It is said that with challenges come opportunity. Well, as most every hospital CEO and CFO knows, hospital finances certainly are laden with challenges. Some economists described 2022 as the worst financial year for U.S. hospitals in decades, as expense increases continued to exceed revenue growth. According to data from healthcare data and consulting firm Syntellis Performance Solutions, cumulative hospital expense growth from 2019 to 2022 was 17.5%, while reimbursement by the Medicare Inpatient Prospective Payment System (IPPS) grew only 7.5%.
Labor shortages fueled explosive growth in contract labor expenses, which contributed to overall hospital labor expense growth of 20.8% over the same period. Even after accounting for increased patient acuity, labor expenses per patient jumped 24.7%.
Not surprisingly, over half of U.S. hospitals ended 2022 operating at a financial loss. Also not surprisingly, in December 2022 credit rating firm Moody’s concluded that more healthcare organizations were at risk of credit downgrades or default—which turned out to be prophetic, as the first quarter of 2023 saw eight hospitals default, according to research firm Municipal Market Analytics. That figure represented the most hospital bond defaults since 2011, and only one hospital defaulted in the first quarter of 2022. Perhaps most concerning, some of the defaults came from large, highly rated systems.
Moreover, Kaufman Hall predicts expense pressures will continue through the remainder of this year. The firm’s May 2023 National Hospital Flash Report concluded that: 1) the median operating margin for U.S. hospitals was 0%--meaning just breakeven--in April, leaving most hospitals with little or no financial wiggle room; 2) inpatient volumes declined while lengths of stay rose, and outpatient volumes also dropped; 3) the effects of Medicaid disenrollment could be materializing, as reflected in increases in bad debt and charity care in April, and this trend could continue as substantial disenrollment from Medicaid is projected as a result of the end of the COVID-19 public health emergency on May 11; and 4) inflation continued to impair hospital finances, as labor costs jumped in April and the costs of goods and services continued to be significantly above pre-pandemic levels.
With no quick fix to the labor shortages, hospitals and health systems are scrambling to find other areas to reduce costs and/or increase revenue profitably. Therein lie opportunities for pharmacy leaders to help bolster hospital finances.
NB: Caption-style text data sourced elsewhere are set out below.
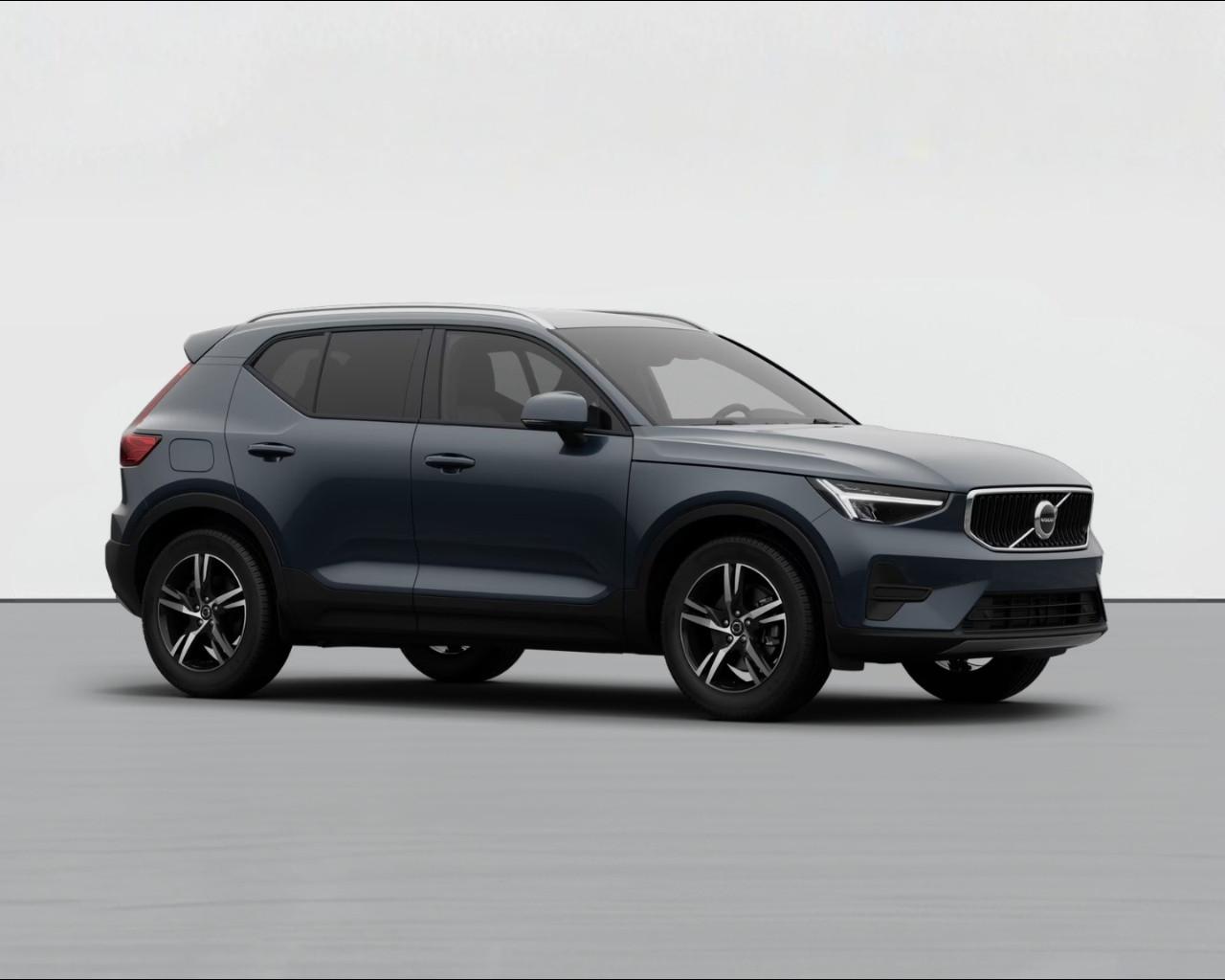 VOLVO XC40 CORE B3 AUTO PREZZO PROMO FINO A FINE MESE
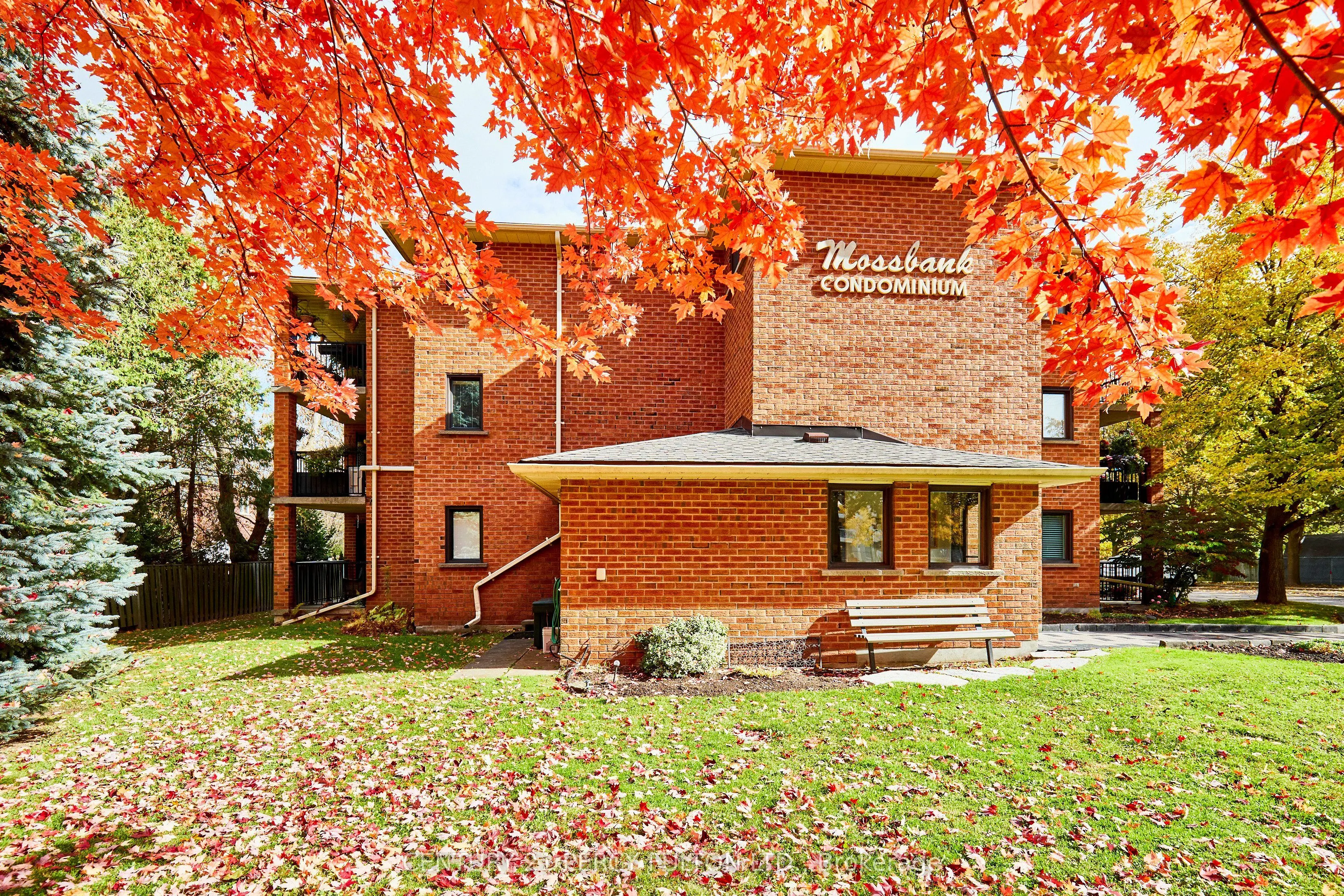 219 Main Street N, #301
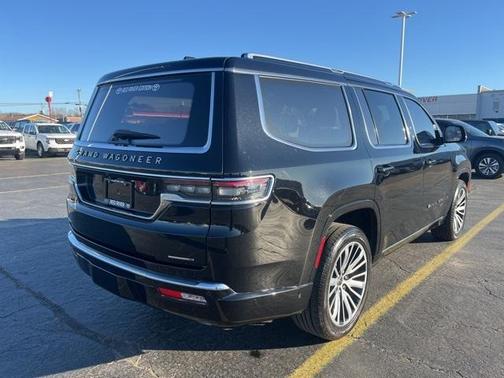 2022 Jeep Grand Wagoneer Series III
Since prescription drugs are the fourth-largest category of non-capital expenses for hospitals, pharmacy departments can support cost reduction through the deployment of automation to generate labor savings and by leveraging insights gleaned from medication use evaluation, preferably in an automated manner, given the continued widespread shortage of pharmacy technicians, which has required many pharmacists to perform pharmacy technician tasks.
Furthermore, financial information and analytics firm S&P Global has advised hospitals to diversify beyond acute care and generate new, often more profitable, revenue streams, and the list of promising areas includes an outpatient pharmacy and other pharmacy services. Similarly, McKinsey & Company has identified specialty pharmacy and home infusion as attractive areas for growth and profitability during the next two years.